Signet follows a single-source core architecture: all cryptographic logic lives in one Rust crate (signet-core), compiled to native (CLI), WASM (Node.js/TypeScript), and Python (PyO3). This eliminates cross-language divergence — there is exactly one implementation of sign, verify, and audit.

                        ┌─────────────────────────┐
                        │      signet-core         │
                        │       (Rust)             │
                        │                         │
                        │  Ed25519 · Argon2id     │
                        │  XChaCha20 · JCS · SHA2 │
                        └────┬────────┬────────┬──┘
                             │        │        │
              ┌──────────────┤        │        ├──────────────┐
              │              │        │        │              │
              ▼              ▼        │        ▼              ▼
        ┌──────────┐  ┌──────────┐   │  ┌──────────┐  ┌─────────────┐
        │ signet-  │  │ signet-  │   │  │ signet-  │  │ @signet-    │
        │ cli      │  │ ts       │   │  │ py       │  │ auth/core   │
        │ (native) │  │ (WASM)   │   │  │ (PyO3)   │  │ (TS)        │
        └──────────┘  └────┬─────┘   │  └──────────┘  └──────┬──────┘
                           │         │                        │
                           ▼         │                        ▼
                     ┌──────────┐    │               ┌─────────────┐
                     │ @signet- │    │               │ @signet-    │
                     │ auth/    │    │               │ auth/mcp    │
                     │ core     │    │               │ (TS)        │
                     └──────────┘    │               └─────────────┘
                                     │
                              Your Agent

Components

signet-core (Rust)

The source of truth. All other packages wrap this crate.

Module Responsibility
identity Ed25519 keypair generation, filesystem save/load
keystore Argon2id KDF + XChaCha20-Poly1305 encrypted key storage
receipt Action, Signer, Receipt data structures
sign Create signed receipts (canonicalize → sign → generate ID)
verify Verify receipt signature against public key
audit Append-only JSONL log with SHA-256 hash chain
canonical RFC 8785 (JCS) JSON canonicalization
error SignetError enum

Platform gating: Filesystem operations (identity, keystore, audit) are gated behind #[cfg(not(target_arch = "wasm32"))]. WASM builds only expose pure crypto functions.

signet-cli (Rust, native)

Command-line tool built on clap. Subcommands:

  • identity generate|list|export — Manage Ed25519 identities
  • sign — Sign an action, append to audit log
  • verify — Verify a receipt or the full hash chain
  • audit — Query and filter the audit log

bindings/signet-ts (Rust → WASM)

wasm-bindgen FFI layer. Exports three functions:

  • wasm_generate_keypair(){secret_key, public_key} (base64)
  • wasm_sign(secret_key_b64, action_json, signer_name, signer_owner) → receipt JSON
  • wasm_verify(receipt_json, public_key_b64) → bool

Compiled with wasm-pack --target nodejs to CommonJS for Node.js.

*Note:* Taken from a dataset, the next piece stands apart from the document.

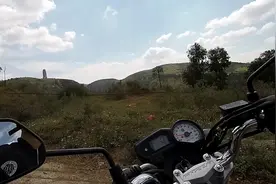 飞致250上山爬坡，动力充足，三档都还给力视频封面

bindings/signet-py (Rust → Python)

PyO3 + maturin binding. Exposes two API levels:

  • High-level: SigningAgent.create(), .sign(), .verify(), .audit_query()
  • Low-level: generate_keypair(), sign(), verify(), Action

Thread-safe via py.allow_threads(). ABI3-stable for Python 3.10+.

@signet-auth/core (TypeScript)

Thin TypeScript wrapper over the WASM module. Provides typed interfaces (SignetKeypair, SignetAction, SignetReceipt) and re-exports generateKeypair(), sign(), verify().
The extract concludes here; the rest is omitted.